[Extracted entries Boundary: Start]

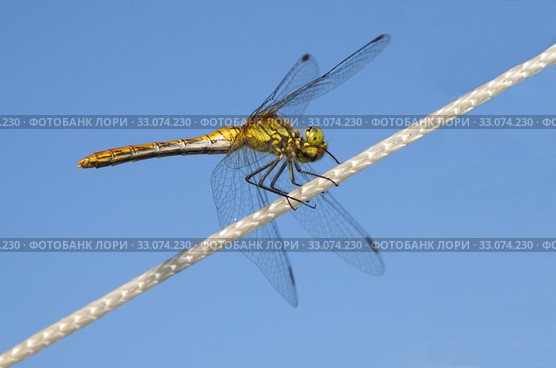 Стрекоза желтая (лат. Sympetrum flaveolum) сидит на веревке на фоне голубого неба. Стоковое фото, фотограф Елена Коромыслова / Фотобанк Лори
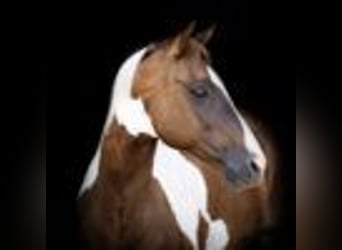 Paint Horse, Stute, 7 Jahre, 147 cm, Falbe
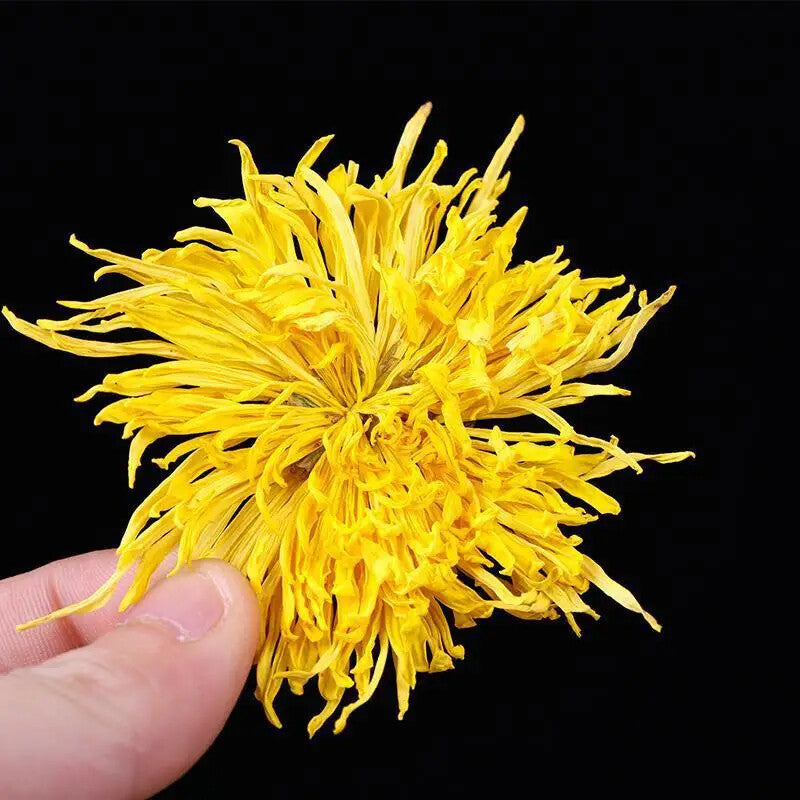 Chinese Big Golden Chrysanthemum Flower Tea-Healthy Dried Flower Tea(Ju Hua Cha)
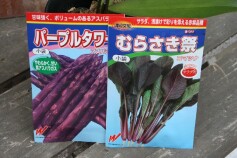 紫色の野菜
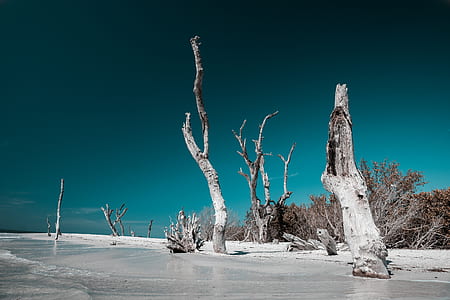 gray bare tree thumbnail
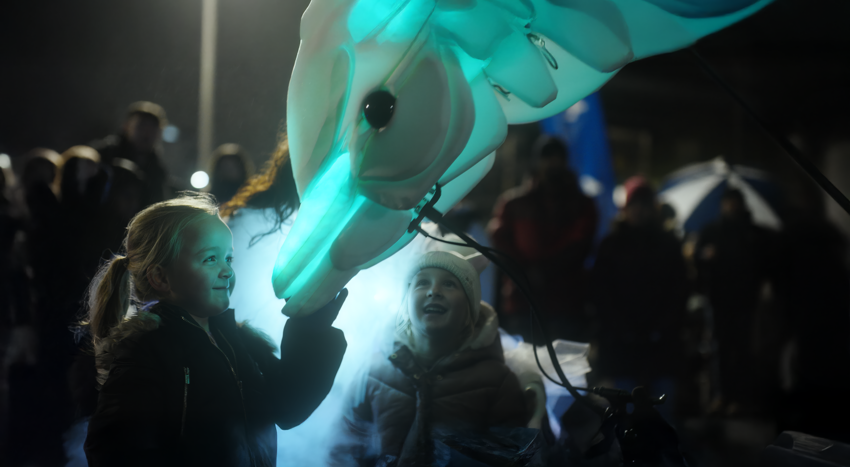 Dolphin Puppet And Child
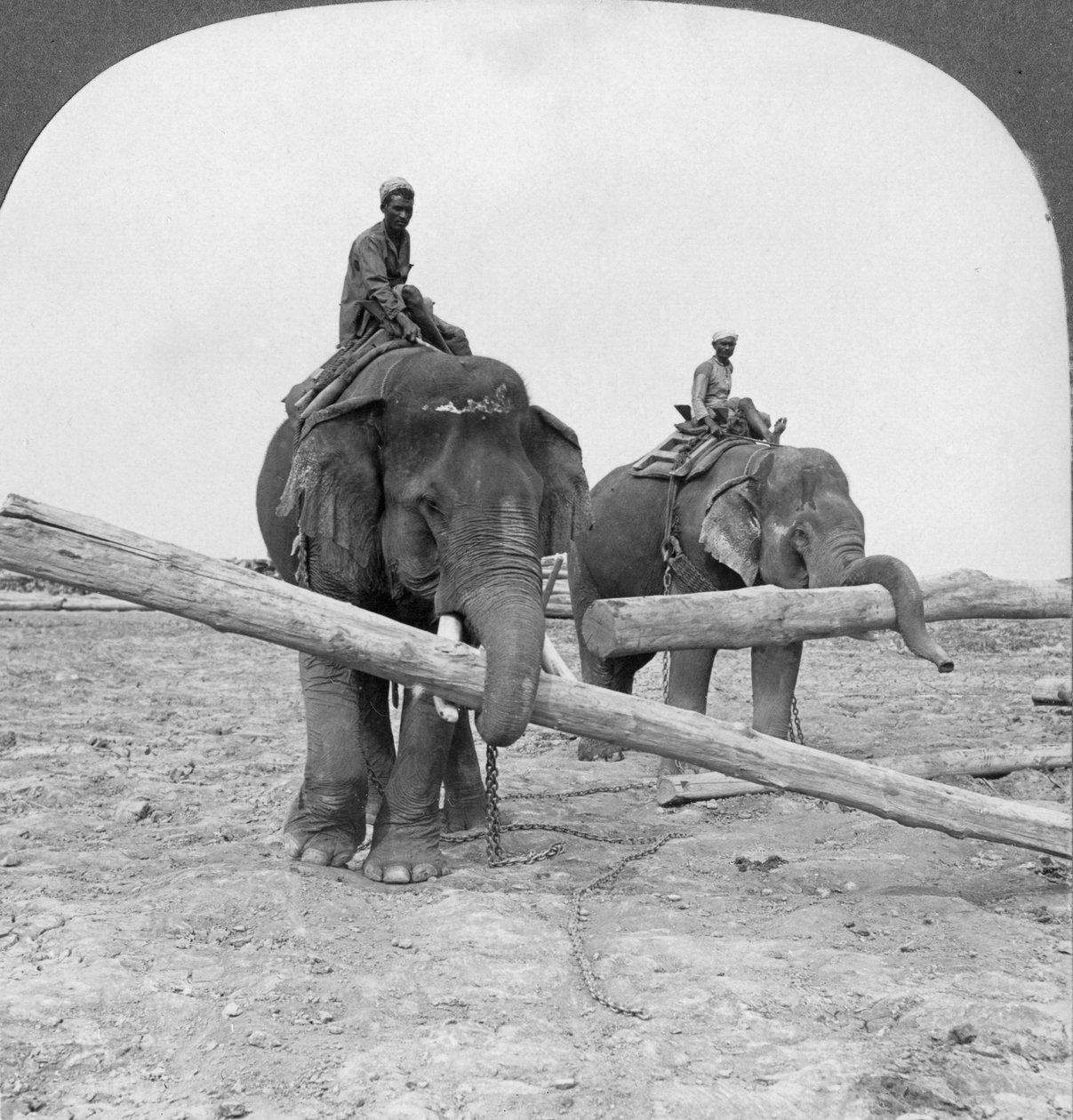 Elephants Working in a Lumber Yard, Rangoon, Burma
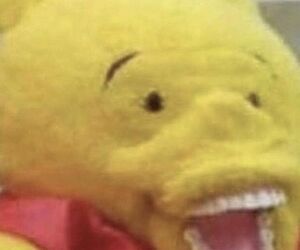 No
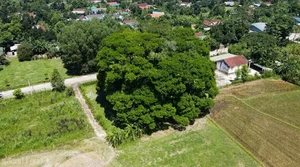Discovering the Ancient 800-Year-Old Heritage Tree: A Natural Wonder - image 10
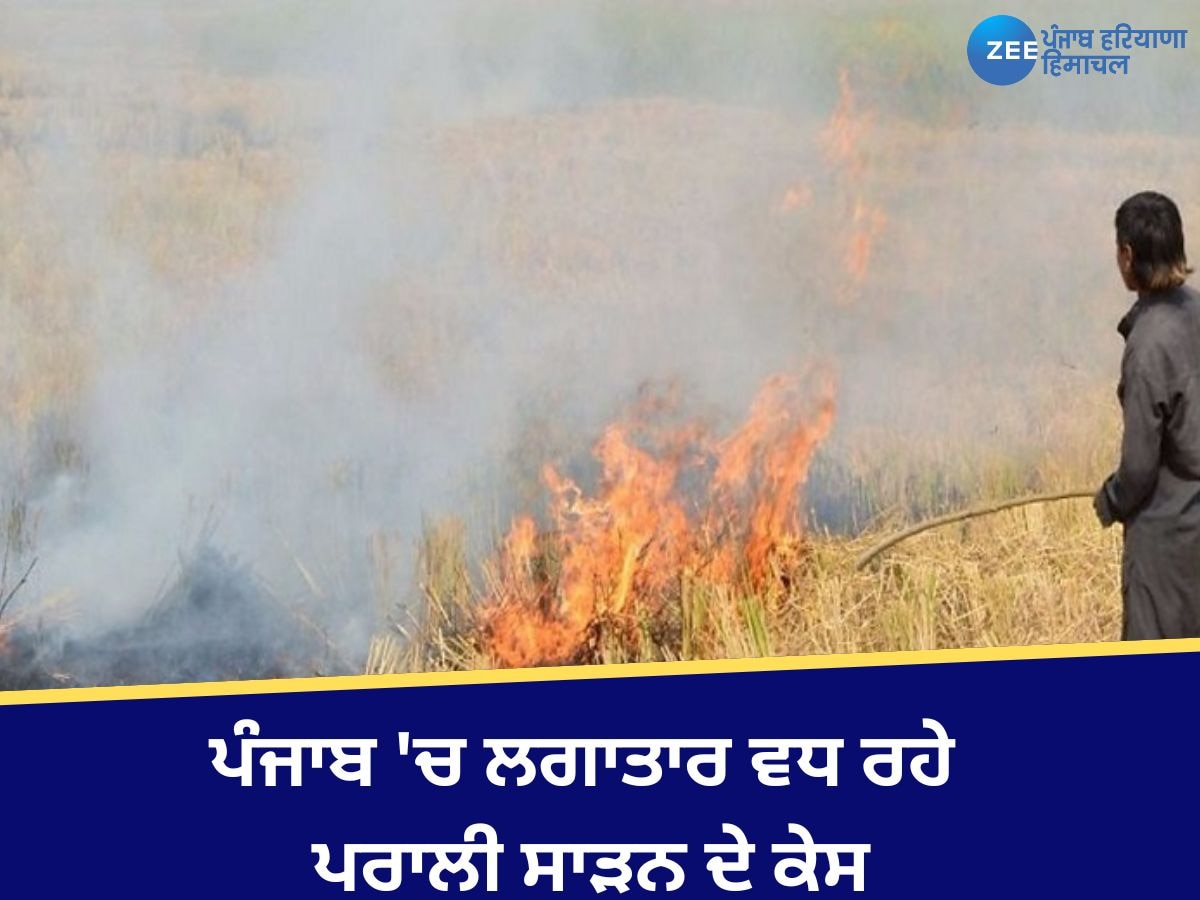 Stubble Burning Case In Punjab: ਪੰਜਾਬ 'ਚ ਪਰਾਲੀ ਸਾੜਨ ਦੇ ਮਾਮਲਿਆਂ 'ਚ ਹੋ ਰਿਹਾ ਲਗਾਤਾਰ ਵਾਧਾ, ਜਾਣੋ ਤਾਜਾ ਆਂਕੜੇ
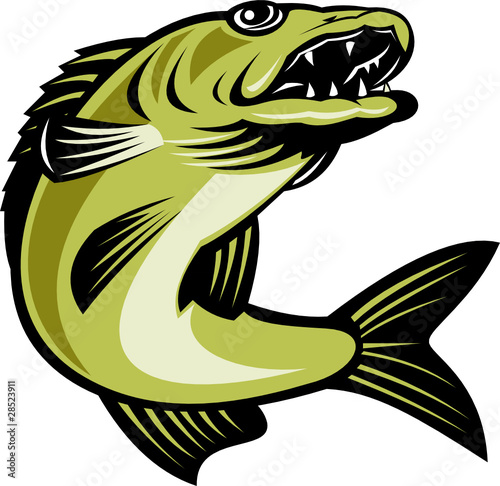 Download Walleye Fish Jumping Stock Vector Adobe Stock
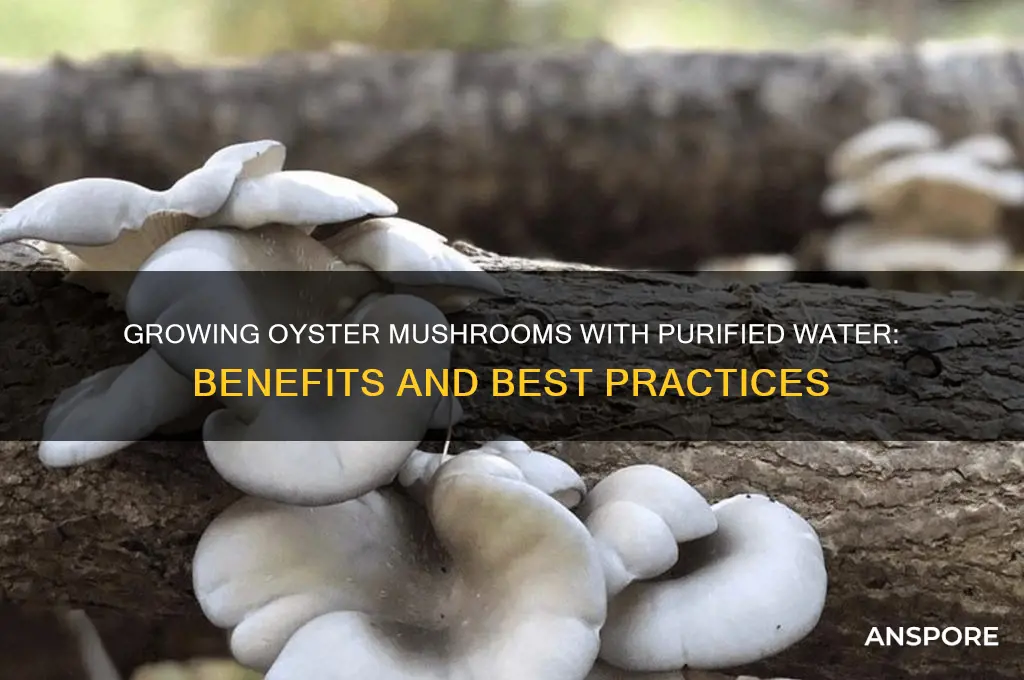 can you use purified drinking water to grow oyster mushrooms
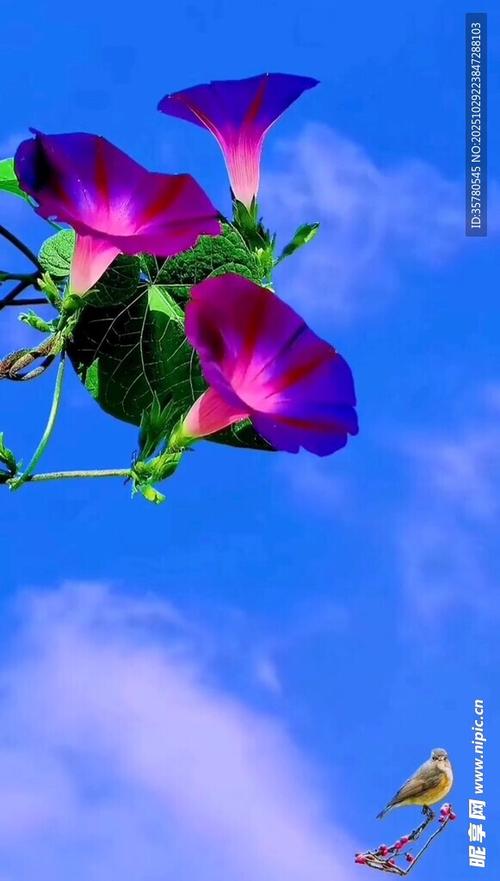 牵牛花视频缩略图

[Extracted entries Boundary: End]

Output only these lines, word for word: the line containing "Discovering the Ancient" and every line after it through the last line of the data. Omit the pictures.

Discovering the Ancient 800-Year-Old Heritage Tree: A Natural Wonder - image 10
 Stubble Burning Case In Punjab: ਪੰਜਾਬ 'ਚ ਪਰਾਲੀ ਸਾੜਨ ਦੇ ਮਾਮਲਿਆਂ 'ਚ ਹੋ ਰਿਹਾ ਲਗਾਤਾਰ ਵਾਧਾ, ਜਾਣੋ ਤਾਜਾ ਆਂਕੜੇ
 Download Walleye Fish Jumping Stock Vector Adobe Stock
 can you use purified drinking water to grow oyster mushrooms
 牵牛花视频缩略图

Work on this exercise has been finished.